Microwave-assisted synthesis of bismuth niobate nanostructures with application in water splitting
Bismuth niobate (BiNbO4) is a visible light sensitive semiconductor oxide with properties that qualify it for photoelectrocatalytic applications. However, it is still poorly investigated for this purpose. Tungsten trioxide (WO3), on the other hand, is a widely applied semiconductor oxide in photoelectrochemical water splitting. However, it has inadequate potentials for this process. Zinc oxide has good electron mobility, resulting in devices with lower recombination rates and longer electron lifetimes. However, this material only absorbs UV light, limiting its application using visible light. To develop a strategy to overcome the limitations of these three materials, in this work, microwave-assisted synthesis protocols for heterojunctions based on bismuth niobate (BiNbO4) and tungsten (WO3) and zinc (ZnO) oxides were developed. These photocatalysts were applied as photoanodes for photoelectrochemical water splitting using simulated solar light irradiation.
For the BiNbO4 and WO3-based electrodes, it was observed that higher synthesis temperatures and irradiation powers favor the formation of the BiNbO4 orthorhombic arrangement. Additionally, the morphology of WO3 films was found to be directly controlled by the addition of weak acids in the reaction medium, allowing the formation of wrinkled rod-shaped particles and cubic particles. It was observed that the use of orthorhombic BiNbO4 associated with WO3 films formed by wrinkled rod-shaped nanoparticles increased the interaction between the semiconductors. This strategy led to the formation of a heterojunction capable of producing current densities over one magnitude higher than those of pure WO3 films.

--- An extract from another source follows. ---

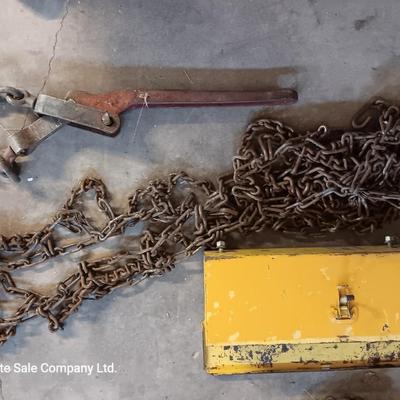 Yellow metal toolbox for tractor with assortment of chain and a chain binder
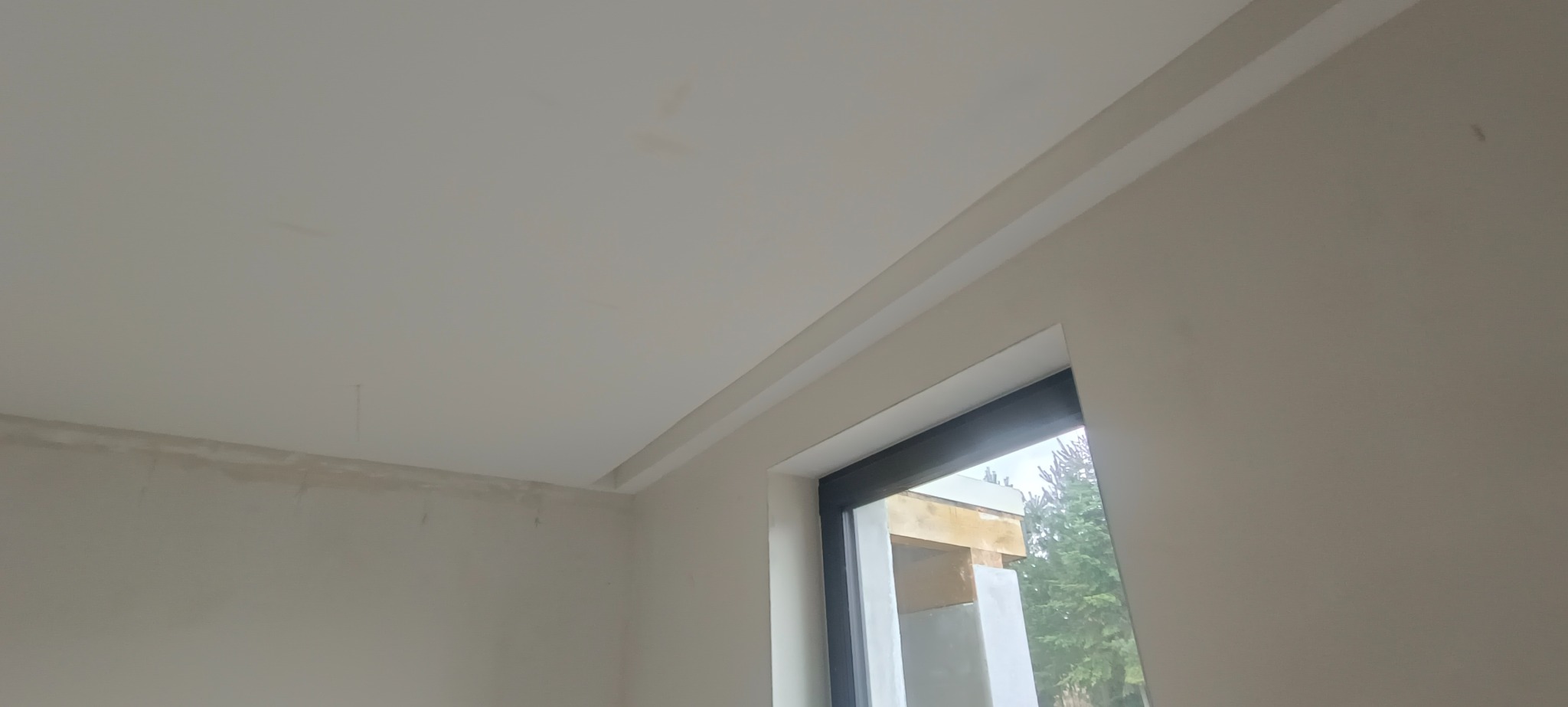 Wykończone wnętrze z pomalowanymi ścianami w jasnym odcieniu i zamontowanym karniszem nad oknem, widoczne niedoskonałości na suficie.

Studies involving the BiNbO4/ZnO heterojunctions showed that BiNbO4 has a globular morphology and α-orthorhombic crystal structure. Incorporation of Pt into BiNbO4 led to structural changes. Pure ZnO films showed rod-shaped morphology and wurtzite crystal structure. However, the coating of ZnO on the conductive substrate was unsatisfactory. Nonetheless, it was possible to obtain photoelectrochemical activities for BiNbO4/ZnO heterojunctions compatible with the BiNbO4/WO3 system. However, the incorporation of Pt as a co-catalyst reduced the efficiency.
Thus, it was demonstrated that microwave-assisted synthesis is a very attractive alternative for the direct production of heterojunctions of these systems. However, it is still necessary to improve the methods to achieve fine control of the morphology.